Acaba Kitaplar Büyülenmiş mi?

Batuhan, uzun ve yorucu bir uzaktan eğitim dönemi sonrasında yaz tatilini geçirmek için dedesinin yayla evine gitmişti. Başta çok eğleniyordu, bir hafta geçtikten sonra sıkılmaya başladı. Sıkıldığı için etrafta oyuncaklar aramaya başladı. Köşke ve eve baktı ama bir tane bile oyuncak bulamadı. Sonra dedesinin “Bence oraya çıkma, orası hem tozlu hem de çıkarken düşüp canını acıtabilirsin” uyarısına rağmen evin giriş kapısının yanında bulunan merdivenlere tırmanarak tavan arasına çıktı. Orada iki tane Nerf silahı buldu, ancak kardeşi onunla birlikte Antalya’ya gelmediği için ve anneannesi ile dedesinin çok fazla işi olduğu için oynayamazdı. Yine de silahları tavan arasının kapısının çok yakınına koydu, çünkü onları Ankara’ya götürmeyi planlıyordu.

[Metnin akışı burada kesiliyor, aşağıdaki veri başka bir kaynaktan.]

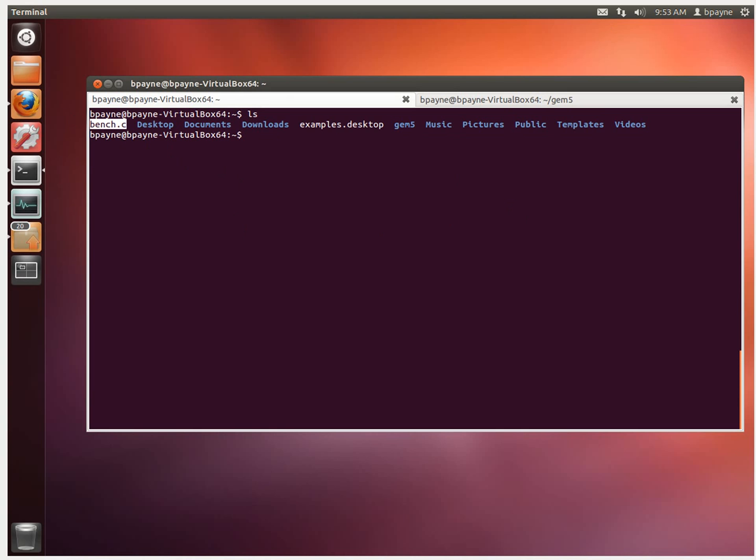First, we're going to make a directory to put the disk image in. So I'll do mkdir full system images, and I'm going to change into that.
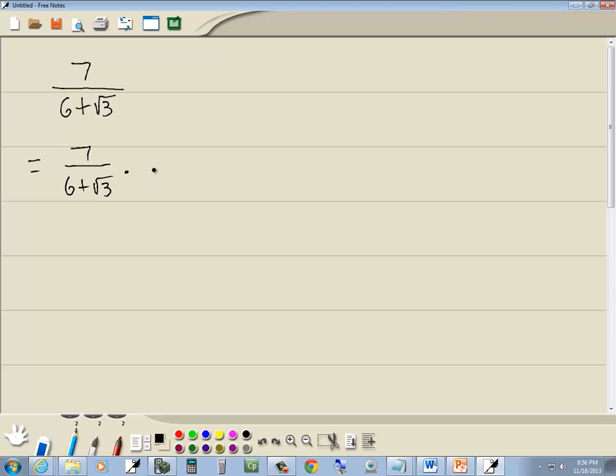What we're gonna do is we're gonna multiply the top and bottom by the conjugate of the bottom. So we got 6 minus square root of 3.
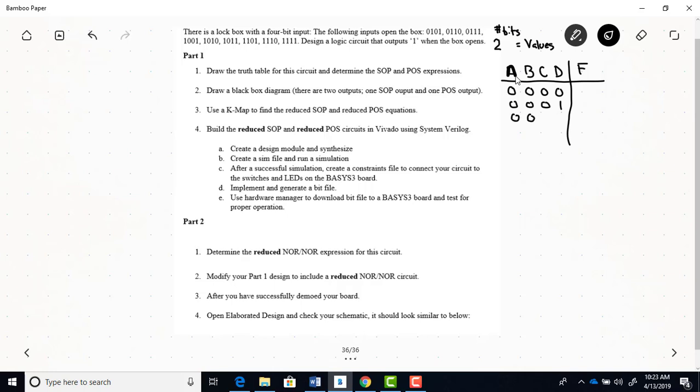So there's 16 possible input combinations. So you just want to write these out. And please, when you complete a truth table like this, put your combinations here in binary order. So I see binary 0, binary 1, binary 2, binary 3, and so on.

Oyuncak ararken bir şey dikkatini çekti, tavan arasının en uç kısmında bir şeyin parladığını gördü. Yavaş yavaş o tarafa doğru gitti ve ışığın bir kitaptan geldiğini gördü. Kitapları çok severdi ve kitaplarla ilgili düşüncesi şuydu: Anlatmanın bir çeşit büyü olduğunu düşünüyordu. Bu yüzden ona kitaplar büyülü geliyordu. Tavan arasındaki o büyük ve tozlu kitabı açtığında bu düşüncelerin gerçek olduğunu gördü.

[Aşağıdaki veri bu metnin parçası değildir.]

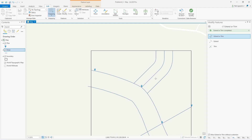All other areas are grasslands. Once I delineate these three areas, all the rest will be grasslands, and we'll split that up accordingly.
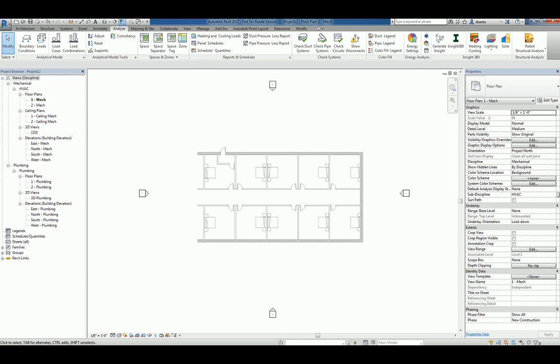Hi everyone, welcome to another Autodesk screencast by Zahn Ta of Repo Products. This screencast will showcase how to create spaces and zones within Revit 2017.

Kitabın içine çekilmişti sanki. Bir anda kendini Ankara’daki evinde buldu. Her şey gerçek hayattaki gibiydi; ağaçlar, evler… Ancak burada yazıya dökülüyordu yaptıkları. Arkadaşlarıyla her zamanki gibi uzun bir futbol maçı yaptılar, maç bitene kadar yazıya dökülen hiçbir şey yoktu. Maç bittiğinde, maçta olan her şey kitaba tek tek yazılıyordu. Bunu Batuhan dışında kimse göremiyordu.

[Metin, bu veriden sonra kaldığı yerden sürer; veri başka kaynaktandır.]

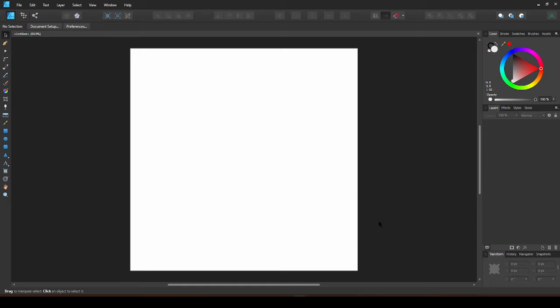So, this is pretty much the default layout of Affinity Designer. You can move things around to have a layout that suits you.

Maç sonrasında Batuhan çok yorulduğu için evine döndü. Kardeşi ile biraz lego oynadıktan sonra yatağa yattı ve hemen uykuya daldı. Kısa bir süre sonra anneannesinin kendisine seslendiğini duyarak uyandı. Etrafına baktığında yayla evindeki tavan arasında olduğunu fark etti. Kitaba baktığında, Ankara’da yaptıklarının yazılmış olduğunu gördü ve bir sonraki sayfada “2. Bölüm” yazıyordu. Kitabı incelediğinde diğer sayfaların boş olduğunu gördü. Kitabı yanına alarak tavan arasından aşağıya indi ve havanın kararmış olduğunu fark etti. Eve girdi ve anneannesinin kendisi için hazırladığı yatağa girdi ve uyudu.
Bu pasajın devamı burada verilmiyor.